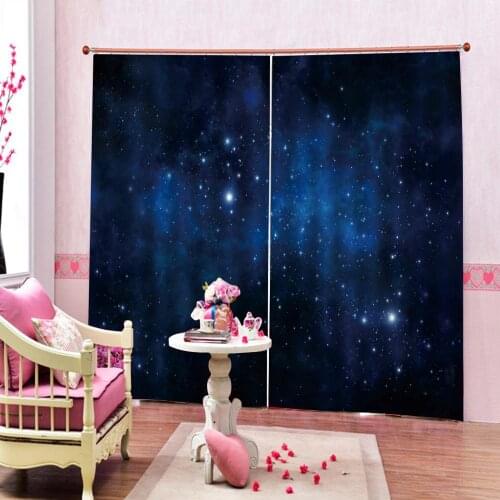 Blue stars curtains Luxury Blackout 3D Window Curtains For Living Room Bedroom Customized size Blackout curtain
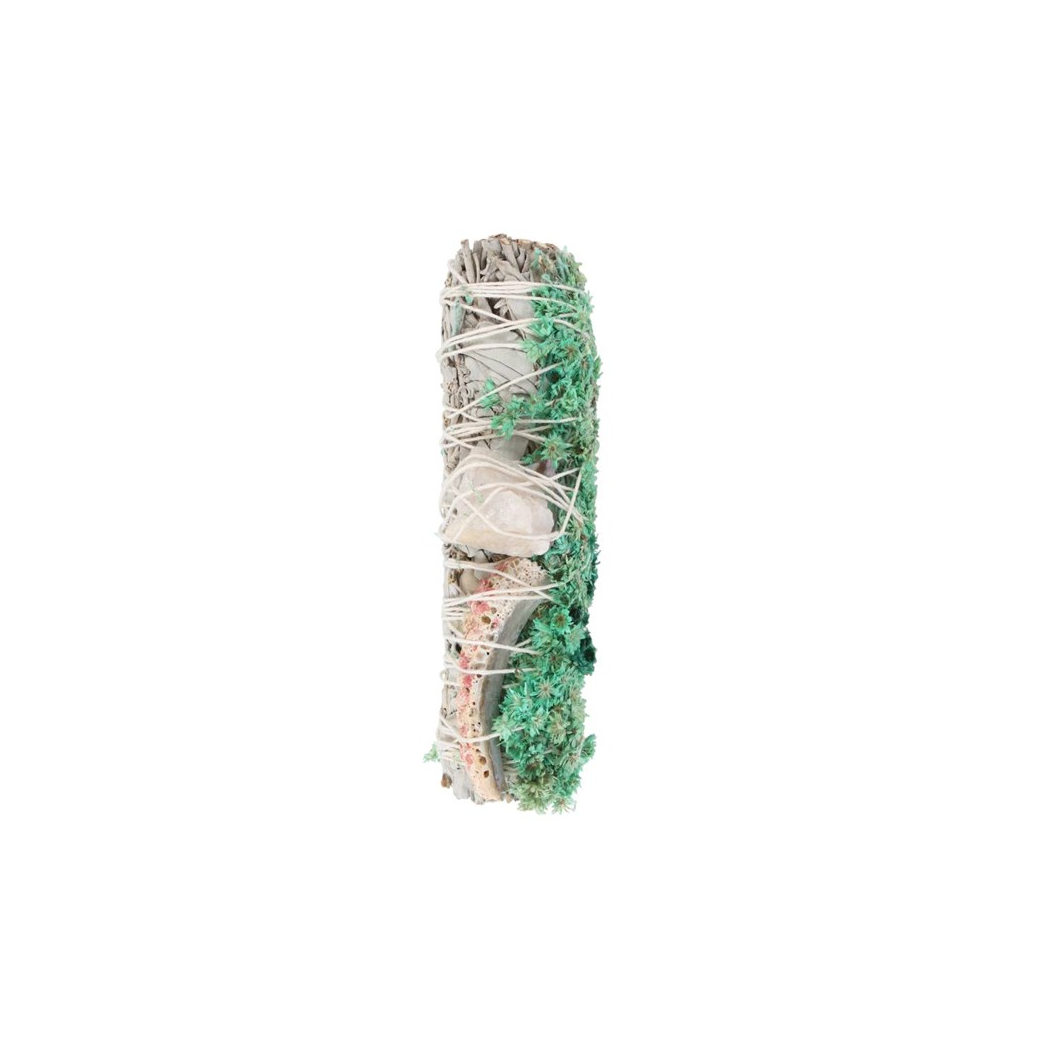6in Ritual Wand Smudge Stick with White Sage, Abalone and Quartz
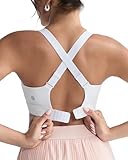 RUNNING GIRL Sports Bras for Women High Support, Adjustable Straps Hook Back Sports Bras for Women with Sewn in Pads_WX3125_White_XL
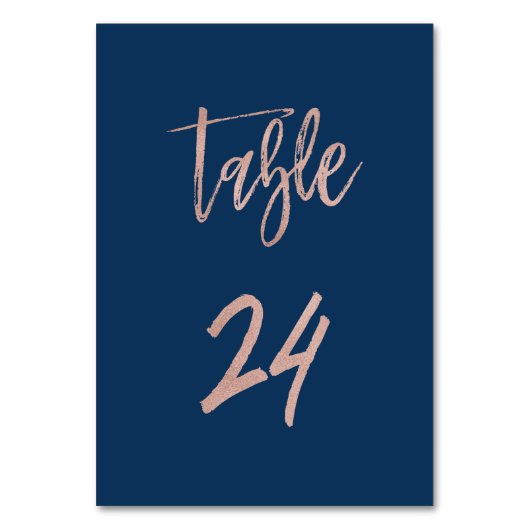 Navy & Roos Gold Glam Chic Wedding Table Number 24 Kaart (Achterkant)
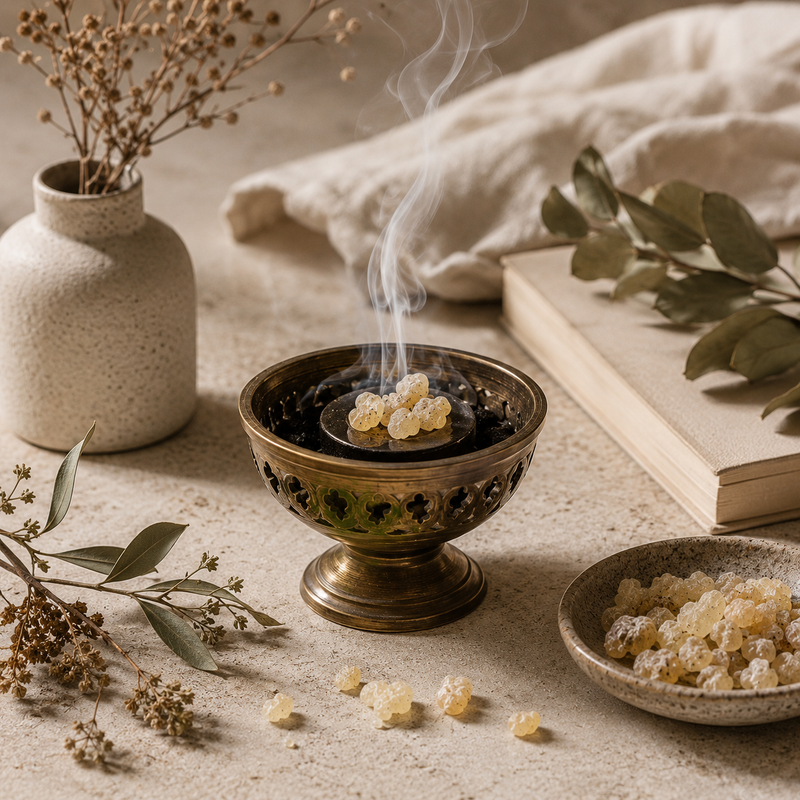 Boswellia serrata Frankincense Resin gently burning in a heatproof incense burner in a quiet botanical ritual setting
====
Return all the data above as written, leaving out only the pictures.

> **ANSWER SECTION**
 Blue stars curtains Luxury Blackout 3D Window Curtains For Living Room Bedroom Customized size Blackout curtain
6in Ritual Wand Smudge Stick with White Sage, Abalone and Quartz
 RUNNING GIRL Sports Bras for Women High Support, Adjustable Straps Hook Back Sports Bras for Women with Sewn in Pads_WX3125_White_XL
 Navy & Roos Gold Glam Chic Wedding Table Number 24 Kaart (Achterkant)
 Boswellia serrata Frankincense Resin gently burning in a heatproof incense burner in a quiet botanical ritual setting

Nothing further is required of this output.